Баден, 24 июня (5 июля) 1785.

Продолжавшееся здесь десять дней весьма дурное время мешало мне принимать бани; но с 16/27 июня принимаю я их порядочно и хожу в воде по два часа каждое утро. Доктор мой велел мне пятнадцать раз быть в бане; следовательно, осталось мне принять шесть бань, то есть шесть дней жить в Бадене.
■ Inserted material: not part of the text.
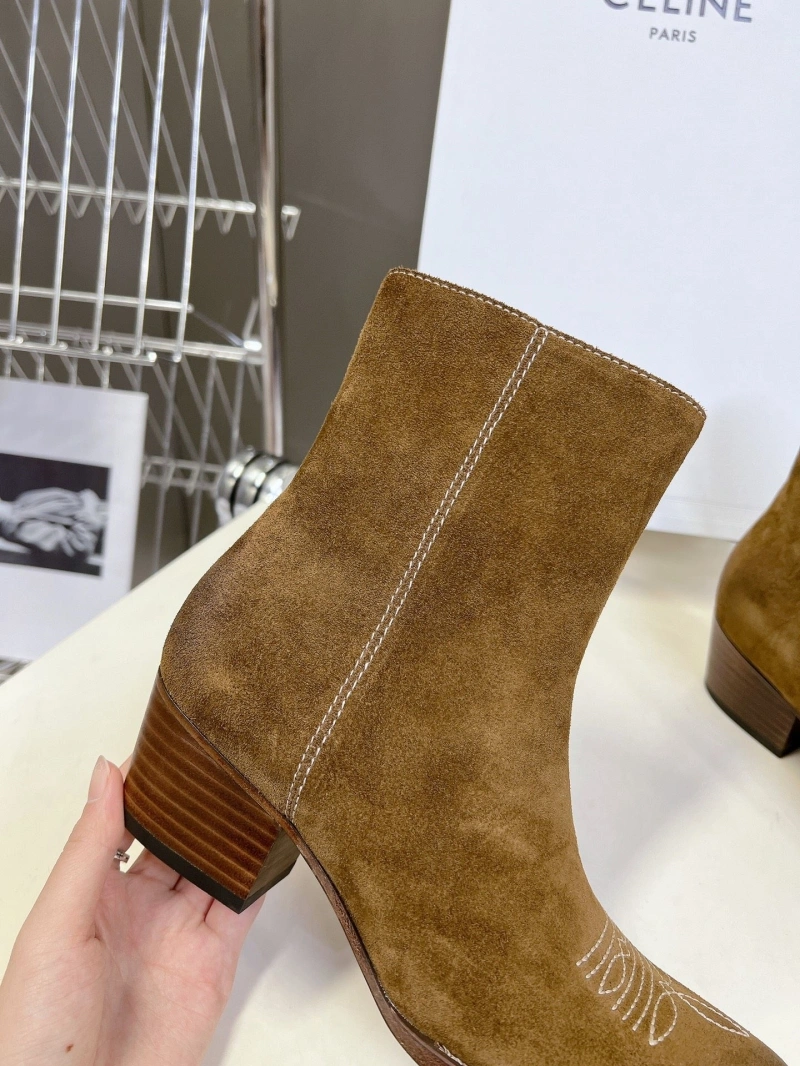 Breathable Cxlxne Boots 116544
Сие обстоятельство меня и жену мою очень огорчает, ибо мы должны будем выехать в конце июня, следовательно не прежде приехать, как в августе. Перед самым моим отъездом из Вены напишу еще письмо к вам, дабы вы изволили знать, когда мы выедем из Вены и когда нас ждать можно будет. К тебе, матушка друг мой сердечный сестрица, писать более не о чем, как разве о нестерпимой скуке, в которой мы живем в Бадене. Людей здесь много, но все больные. У иного подагра в брюхе, иного паралич разбил, у иной судорога в желудке, иная кричит от ревматизма. Вообрази себе, что такое баня: в шесть часов поутру входим мы в залу, наполненную серною водою по горло человеку. Мужчины и женщины все вместе, и на каждом длинная рубашка, надетая на голое тело. Сидим и ходим в воде два часа. Правду сказать, что благопристойности тут немного и что жена моя со стыда и глядеть на нас не хочет; но что делать? Мы все как на том свете: стыд и на мысль не приходит. Всякий думает, как бы вылечиться, и мужчина перед дамою, а дама перед мужчиною в одних рубашках стоят без всякого зазрения. Сперва приторно мне было в одном чану купаться с людьми, которые больны, господь ведает чем; но теперь к этому привык и знаю, что свойство серной воды ни под каким видом не допустит прилипнуть никакой болезни. Сверх же того, зала так учреждена, что с одной стороны вода непрестанно выливается, а с другой свежая втекает. Вот, мой сердечный друг, как я провожу всякий день: поутру, выпив кофе, перед которым за полчаса принимаю лекарство, надеваю свою длинную рубашку и в бане купаюсь два часа; потом отдыхаю, потом прогуливаюсь в аллее. После обеда хожу к своим товарищам, с которыми принимаю бани, а в шесть часов ввечеру все ходим гулять; буде же время дурно, то в немецкую комедию. Из Вены взяли мы сюда много книг, которые скуку нашу разгоняют. Прости, мой сердечный друг сестрица! Всем нашим кланяйся.